Tumor cells always differ from normal somatic cells in the proteins or protein fragments that they contain. These can be presented to the immune system in the form of peptides bound to human leukocyte antigen (HLA) class I and/or HLA class II molecules. Provided that the tumor cells maintain expression of these major histocompatibility complex molecules at the cell surface, they remain potentially visible to the adaptive immune system.

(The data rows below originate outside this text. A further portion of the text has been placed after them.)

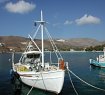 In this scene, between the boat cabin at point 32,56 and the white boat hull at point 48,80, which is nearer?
the white boat hull at point 48,80

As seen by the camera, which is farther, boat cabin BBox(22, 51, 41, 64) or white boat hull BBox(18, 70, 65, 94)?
boat cabin BBox(22, 51, 41, 64)

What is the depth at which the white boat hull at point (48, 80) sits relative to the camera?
34.3 meters

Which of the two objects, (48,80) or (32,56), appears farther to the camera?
(32,56)

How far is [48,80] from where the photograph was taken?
35.3 metres

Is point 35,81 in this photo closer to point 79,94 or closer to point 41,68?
point 41,68

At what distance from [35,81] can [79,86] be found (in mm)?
9290

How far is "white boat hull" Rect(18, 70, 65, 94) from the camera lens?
3431cm

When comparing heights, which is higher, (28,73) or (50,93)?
(28,73)

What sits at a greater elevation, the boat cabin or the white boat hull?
the boat cabin

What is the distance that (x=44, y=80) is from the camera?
3591 centimetres

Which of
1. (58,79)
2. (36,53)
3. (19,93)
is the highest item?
(36,53)

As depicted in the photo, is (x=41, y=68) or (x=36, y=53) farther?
(x=36, y=53)

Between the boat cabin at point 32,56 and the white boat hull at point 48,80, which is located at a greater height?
the boat cabin at point 32,56

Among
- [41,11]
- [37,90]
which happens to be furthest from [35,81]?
[41,11] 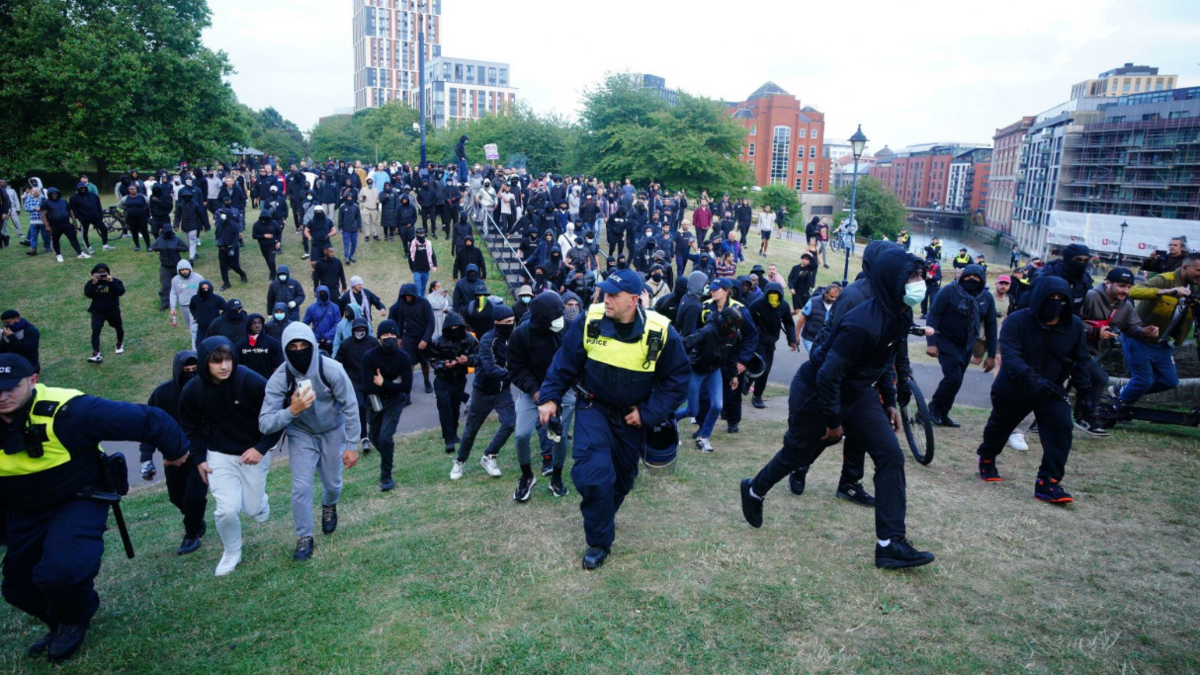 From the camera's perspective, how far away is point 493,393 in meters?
6.84

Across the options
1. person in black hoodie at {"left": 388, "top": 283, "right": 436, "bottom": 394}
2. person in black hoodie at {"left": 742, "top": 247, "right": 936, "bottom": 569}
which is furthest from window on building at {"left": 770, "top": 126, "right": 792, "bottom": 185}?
person in black hoodie at {"left": 742, "top": 247, "right": 936, "bottom": 569}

Even if the tumor cells downregulate HLA expression, it is still possible that neighboring antigen-presenting cells (APCs) acquire tumor antigens from dying tumor cells and can then also present these on their HLA molecules. In both cases, T cells are principally able to recognize such tumor peptides as HLA ligands and either destroy the tumor cells directly or influence tumor growth indirectly, for example, by cytokine secretion. The only unambiguous method for physically identifying the peptides actually presented on HLA by cancer cells or APC is mass spectrometry. HLA ligands identified as either tumor-specific or tumor-associated in such a way that T-cell responses targeting them are not harmful to the patient are valuable for different cancer immunotherapy strategies, in particular for vaccination or adoptive transfer of antigen-specific T cells. In all cases, these therapies have to be personalized since both types of expressed antigens vary from patient to patient and tumor to tumor.